Nigeria’s leading cement manufacturers, Dangote Cement and BUA Cement, have announced plans to freeze cement prices for all contractors involved in federal government infrastructure projects.
This decision is part of broader efforts to support President Bola Tinubu’s economic recovery agenda, known as the Renewed Hope initiative.
The announcement was made on May 15, 2025, following a meeting between BUA Group Chairman Abdul Samad Rabiu and President Tinubu at the Presidential Villa in Abuja. Rabiu, who confirmed the collaboration with Aliko Dangote, Chairman of Dangote Cement, described the move as a gesture of support for the administration’s drive to revitalize the economy.
“We have decided that we are going to freeze the price of cement for any contractor involved in the Renewed Hope projects.
“There will be no increase for the foreseeable future. This is our contribution to support Mr. President’s Renewed Hope Initiative,” Rabiu said.
This commitment is expected to help stabilize costs for critical infrastructure projects across the country, ensuring that ongoing construction is not hampered by rising material prices.
Despite the industry facing significant challenges, including high energy costs and foreign exchange pressures, Rabiu noted that cement prices in Nigeria remain competitive by global standards. He explained that even at approximately ₦10,000 per 50kg bag, the price aligns with the international average of about $120 per ton.
The cost of production has been driven up by rising fuel prices, increased logistics costs, and the high cost of spare parts, most of which are imported and paid for in U.S. dollars.
However, Rabiu emphasized the importance of supporting government efforts to rebuild the economy, even amid these pressures.
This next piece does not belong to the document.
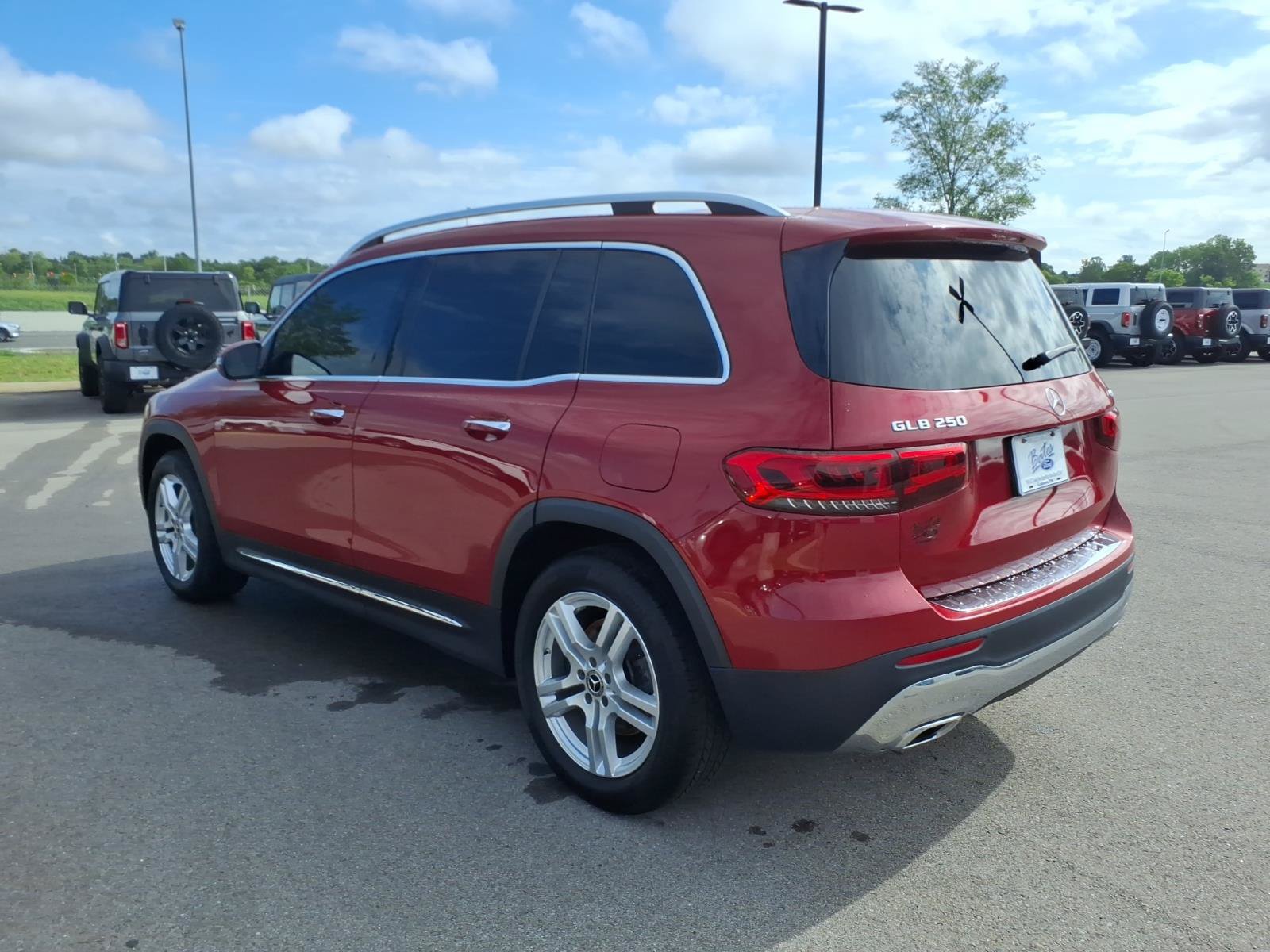 Used 2020 Mercedes-Benz GLB 250 4MATIC w/ Premium Package image 5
In addition to freezing prices, the cement manufacturers have committed to reviving the Cement Technology Institute of Nigeria (CTIN) to address the skills gap in the construction sector. Rabiu announced that manufacturers would contribute between ₦20 to ₦30 per bag sold to generate about ₦15 to ₦20 billion annually for this initiative.
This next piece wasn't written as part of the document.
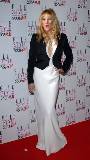 Kate Hudson con Vestido y Chaqueta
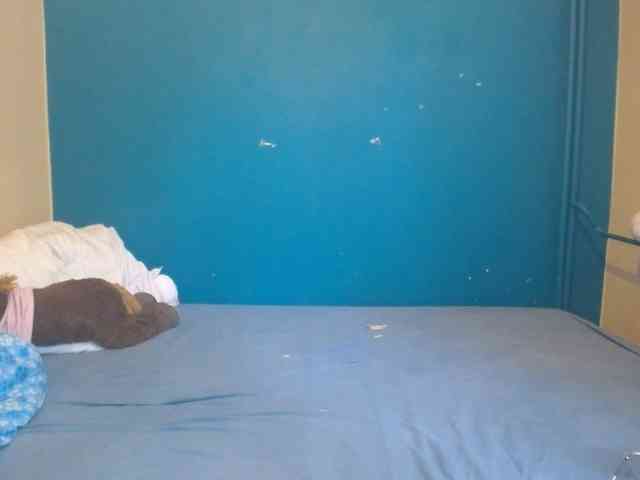 NADINNNE webcam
This funding will be used to train artisans and build technical capacity within the local industry, ensuring a steady supply of skilled workers to support the ongoing infrastructure drive.
“We’re revamping CTIN not just to train artisans, but to sustain the gains we’ve made in local cement manufacturing,” Rabiu stated.
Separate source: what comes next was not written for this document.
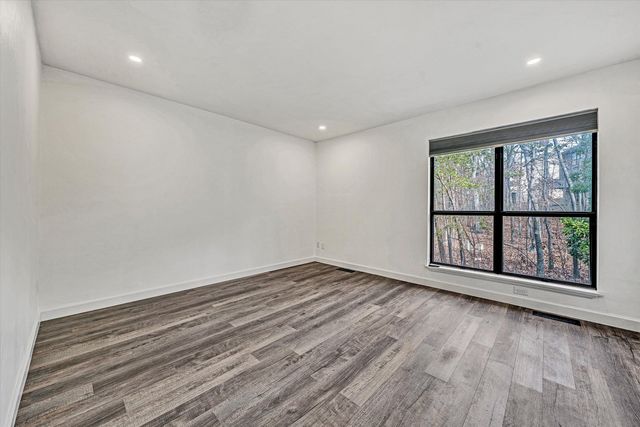 7122 Woods Crossing DR, Roanoke, VA 24018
Rabiu also highlighted BUA Foods’ role in stabilizing food prices through aggressive supply-side interventions. He credited President Tinubu’s six-month duty waiver on key food imports, such as wheat, maize, and rice, for helping to bring down market prices.
“Rice is now about ₦60,000 per 50kg bag, down from ₦110,000 last year. Flour has dropped to ₦55,000 and maize to ₦30,000. This was made possible by the President’s bold six-month waiver policy, which disrupted hoarding and brought relief to consumers,” Rabiu said.
Rabiu concluded by reaffirming the private sector’s commitment to supporting government initiatives aimed at economic growth and national welfare.
“Mr. President was satisfied with our report. He encouraged us to do more, and that’s exactly what we intend to do,” he added.
The collaboration between Nigeria’s largest cement manufacturers and the federal government is expected to provide a significant boost to the nation’s infrastructure development, laying the groundwork for long-term economic stability.